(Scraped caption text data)

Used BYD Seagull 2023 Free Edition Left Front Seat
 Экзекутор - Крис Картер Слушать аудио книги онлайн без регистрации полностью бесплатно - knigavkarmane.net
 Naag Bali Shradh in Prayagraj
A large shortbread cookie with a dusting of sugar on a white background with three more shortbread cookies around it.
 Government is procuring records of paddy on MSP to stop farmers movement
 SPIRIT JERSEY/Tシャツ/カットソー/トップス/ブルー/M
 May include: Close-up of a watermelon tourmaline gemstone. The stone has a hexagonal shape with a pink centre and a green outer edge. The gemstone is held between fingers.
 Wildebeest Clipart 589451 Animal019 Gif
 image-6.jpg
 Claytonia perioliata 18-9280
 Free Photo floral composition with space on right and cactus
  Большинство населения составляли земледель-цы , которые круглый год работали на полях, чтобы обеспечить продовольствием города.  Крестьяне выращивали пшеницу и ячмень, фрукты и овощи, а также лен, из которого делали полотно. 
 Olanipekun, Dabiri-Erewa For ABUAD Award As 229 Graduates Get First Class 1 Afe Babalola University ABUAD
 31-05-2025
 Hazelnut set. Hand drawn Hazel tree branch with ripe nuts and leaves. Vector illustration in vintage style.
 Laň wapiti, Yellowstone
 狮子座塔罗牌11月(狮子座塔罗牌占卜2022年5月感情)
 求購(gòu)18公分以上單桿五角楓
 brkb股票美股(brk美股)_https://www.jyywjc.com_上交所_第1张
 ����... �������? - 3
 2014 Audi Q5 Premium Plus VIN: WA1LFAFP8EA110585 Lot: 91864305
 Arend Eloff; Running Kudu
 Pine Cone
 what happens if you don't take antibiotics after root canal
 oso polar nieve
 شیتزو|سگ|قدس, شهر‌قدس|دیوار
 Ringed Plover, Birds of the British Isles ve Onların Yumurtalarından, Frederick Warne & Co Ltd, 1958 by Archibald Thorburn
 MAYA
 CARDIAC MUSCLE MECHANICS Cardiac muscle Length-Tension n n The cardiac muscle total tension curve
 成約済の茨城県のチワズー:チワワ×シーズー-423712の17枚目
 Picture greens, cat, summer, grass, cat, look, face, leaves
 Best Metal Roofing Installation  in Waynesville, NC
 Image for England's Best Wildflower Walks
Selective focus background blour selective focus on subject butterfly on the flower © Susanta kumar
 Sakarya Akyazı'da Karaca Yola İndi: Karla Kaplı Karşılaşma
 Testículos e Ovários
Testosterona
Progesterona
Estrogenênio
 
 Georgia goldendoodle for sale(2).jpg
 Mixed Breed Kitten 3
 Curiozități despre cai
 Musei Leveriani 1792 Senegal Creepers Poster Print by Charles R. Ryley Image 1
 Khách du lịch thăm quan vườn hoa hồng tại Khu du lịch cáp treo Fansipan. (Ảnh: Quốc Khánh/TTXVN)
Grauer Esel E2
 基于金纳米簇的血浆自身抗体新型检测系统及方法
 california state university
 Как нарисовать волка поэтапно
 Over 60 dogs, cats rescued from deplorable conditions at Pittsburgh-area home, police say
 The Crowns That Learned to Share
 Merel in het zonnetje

**EXERCISE REQUIREMENTS:** Starting from the top of the records and ending at the line that contains "Большинство населения составляли", repeat each line exactly and return only those lines.

**SOLUTION:**
Used BYD Seagull 2023 Free Edition Left Front Seat
 Экзекутор - Крис Картер Слушать аудио книги онлайн без регистрации полностью бесплатно - knigavkarmane.net
 Naag Bali Shradh in Prayagraj
A large shortbread cookie with a dusting of sugar on a white background with three more shortbread cookies around it.
 Government is procuring records of paddy on MSP to stop farmers movement
 SPIRIT JERSEY/Tシャツ/カットソー/トップス/ブルー/M
 May include: Close-up of a watermelon tourmaline gemstone. The stone has a hexagonal shape with a pink centre and a green outer edge. The gemstone is held between fingers.
 Wildebeest Clipart 589451 Animal019 Gif
 image-6.jpg
 Claytonia perioliata 18-9280
 Free Photo floral composition with space on right and cactus
  Большинство населения составляли земледель-цы , которые круглый год работали на полях, чтобы обеспечить продовольствием города.  Крестьяне выращивали пшеницу и ячмень, фрукты и овощи, а также лен, из которого делали полотно. 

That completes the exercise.